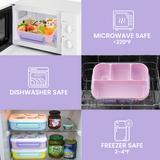 Bugucat Lunch Box Kids 1300ML,Bento Box with 4 Compartments and Spoon, Reusable Food Container Lunch Containers for School Work and Travel Microwave & Dishwasher & Freezer Safe, BPA-Free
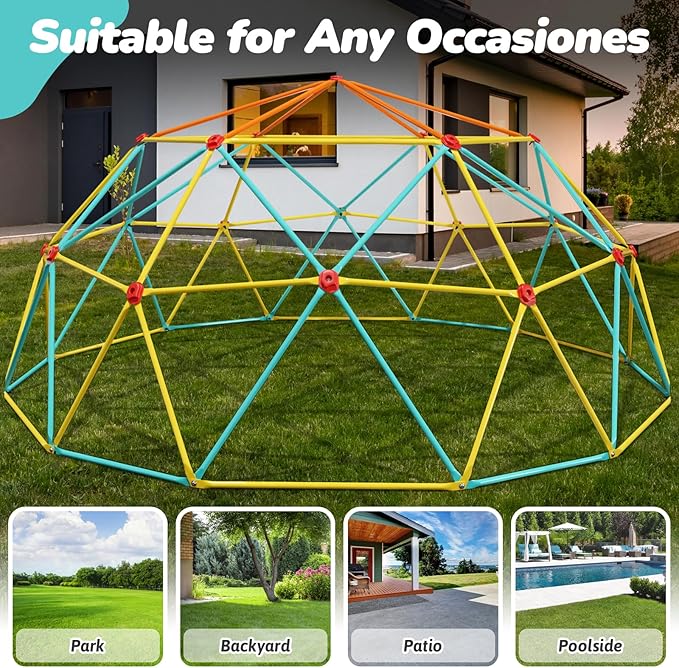 10FT Climbing Dome, Outdoor Jungle Gym for Kids- Supports 1000LBS-Anti-Rust Metal Outdoor Play Structure ASTM Approved, Easy Assembly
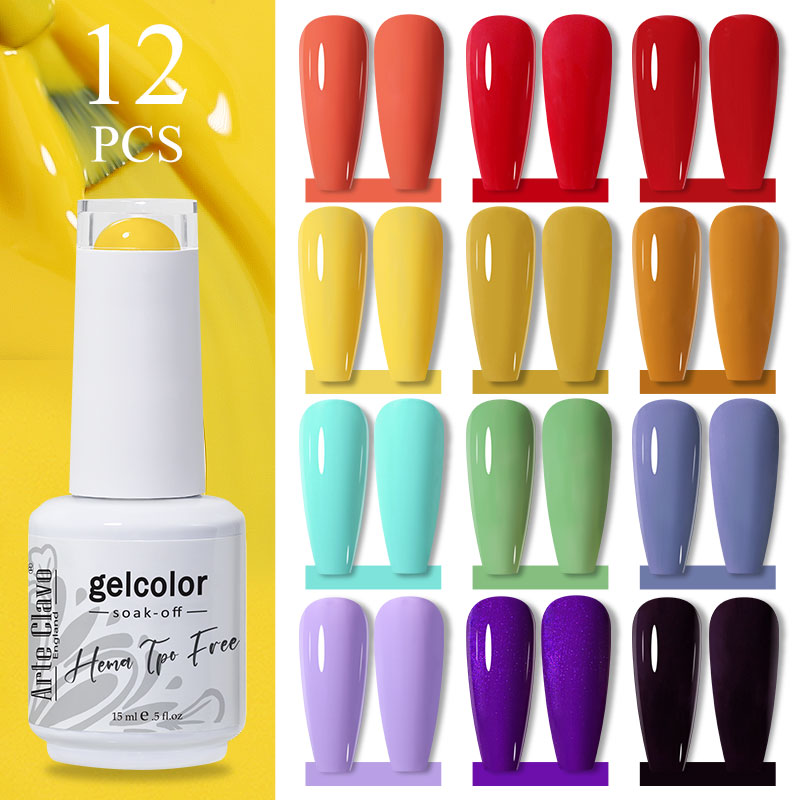 อาร์เต้ คลาวो HEMA TPO Free 15 - Nail Art Rainbow บทวิจารณ์และราคา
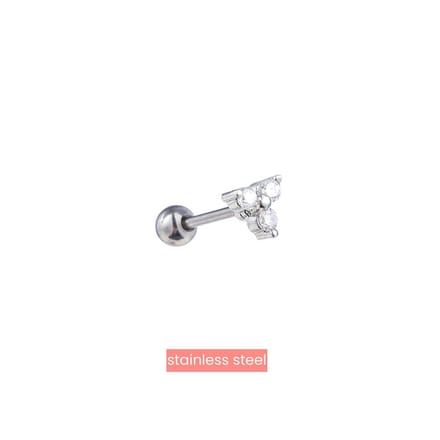 Go Dutch Label Oorknoppen driehoek witte steen Zilver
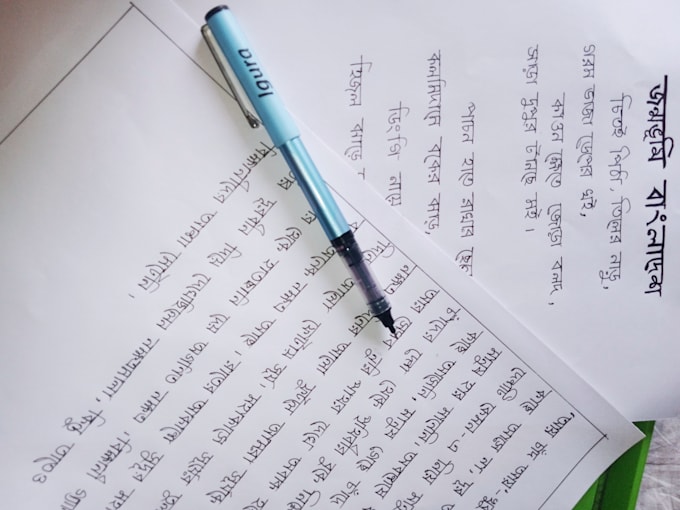 write everything in beautiful bangla handwriting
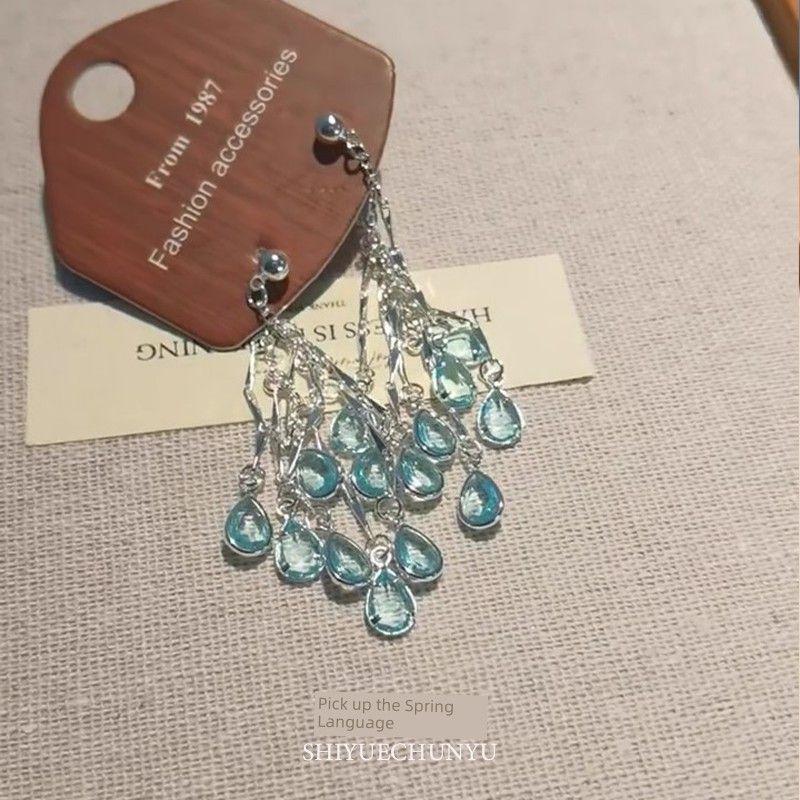 

Серьги-пусеты из стерлингового серебра 925 пробы в виде голубых капель воды, женские, легкая роскошь, необычные серьги с длинной бахромой, изысканные серьги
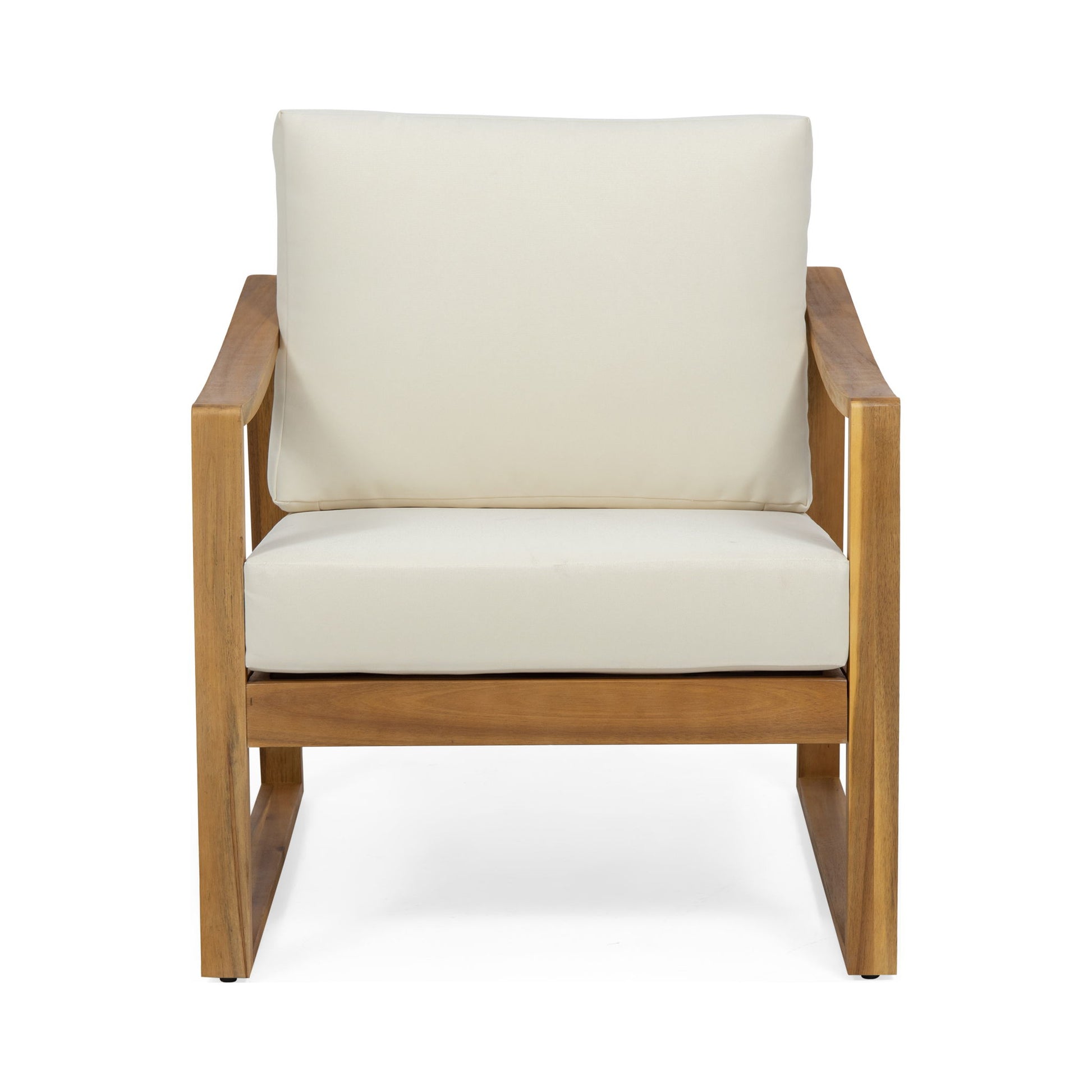 Outdoor Acacia Wood Club Chairs With Water Resistant Cushions - Teak / Beige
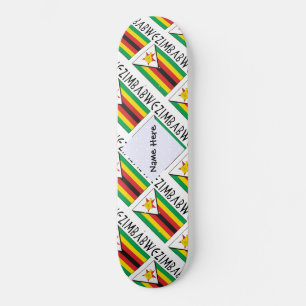 Skateboard Bandera de Zimbabwe personalizada en mosaico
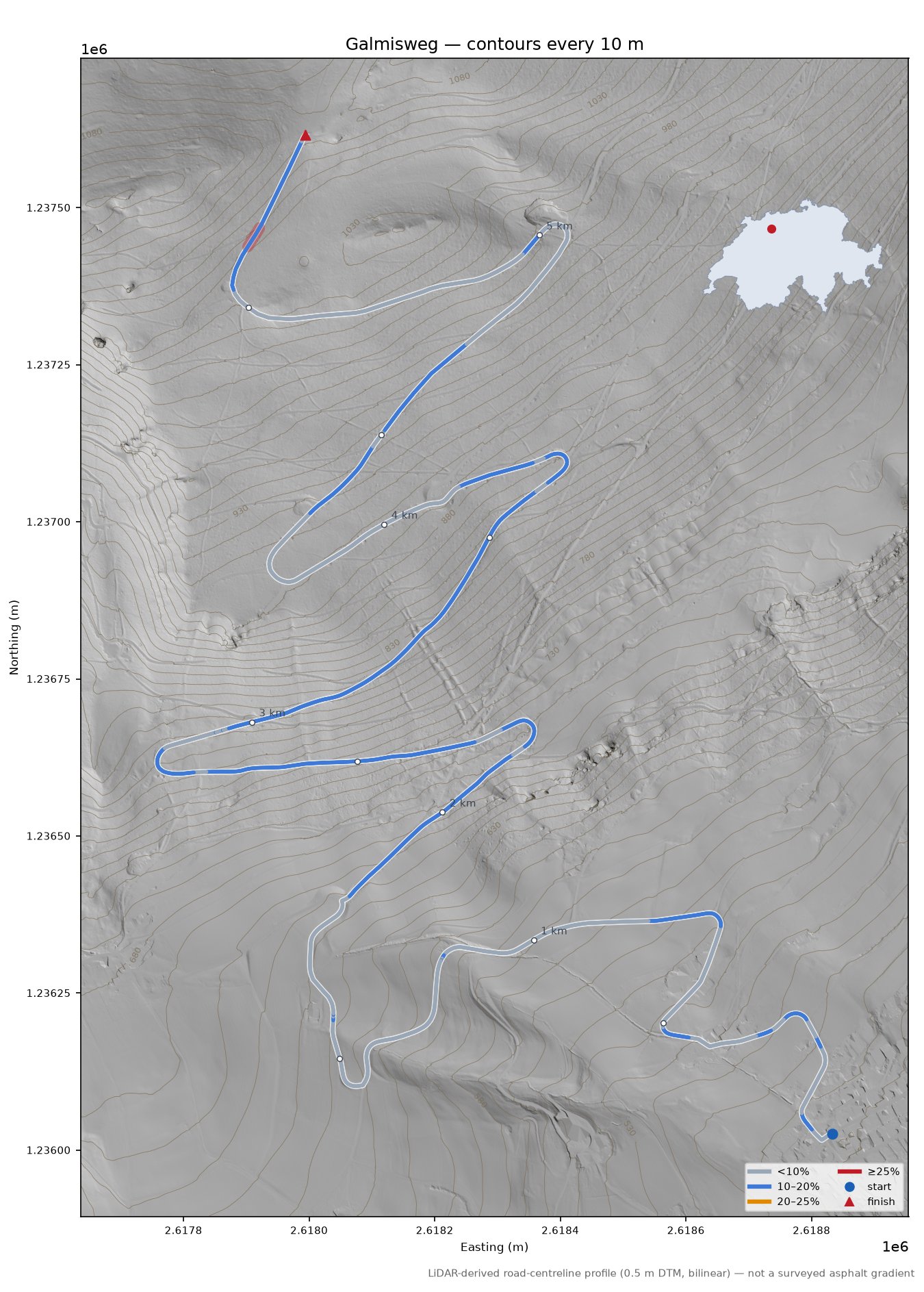 Galmisweg LiDAR hillshade map with contours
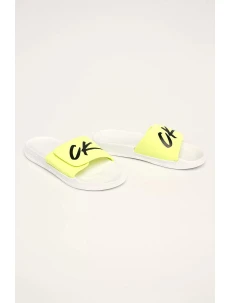 Pantofle KM0KM00499-YCD bíložlutá - Calvin Klein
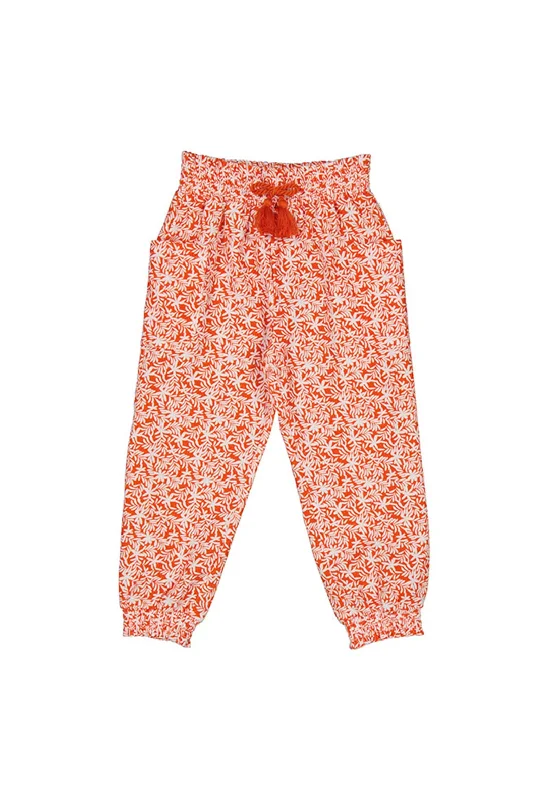 Mayoral Girl Printed Cotton Trouser, Orange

==============================

## What you will do
Every entry should be repeated verbatim, with the pictures left out.

## Output of the task
 Bugucat Lunch Box Kids 1300ML,Bento Box with 4 Compartments and Spoon, Reusable Food Container Lunch Containers for School Work and Travel Microwave & Dishwasher & Freezer Safe, BPA-Free
 10FT Climbing Dome, Outdoor Jungle Gym for Kids- Supports 1000LBS-Anti-Rust Metal Outdoor Play Structure ASTM Approved, Easy Assembly
 อาร์เต้ คลาวो HEMA TPO Free 15 - Nail Art Rainbow บทวิจารณ์และราคา
 Go Dutch Label Oorknoppen driehoek witte steen Zilver
 write everything in beautiful bangla handwriting

Серьги-пусеты из стерлингового серебра 925 пробы в виде голубых капель воды, женские, легкая роскошь, необычные серьги с длинной бахромой, изысканные серьги
 Outdoor Acacia Wood Club Chairs With Water Resistant Cushions - Teak / Beige
 Skateboard Bandera de Zimbabwe personalizada en mosaico
 Galmisweg LiDAR hillshade map with contours
 Pantofle KM0KM00499-YCD bíložlutá - Calvin Klein
 Mayoral Girl Printed Cotton Trouser, Orange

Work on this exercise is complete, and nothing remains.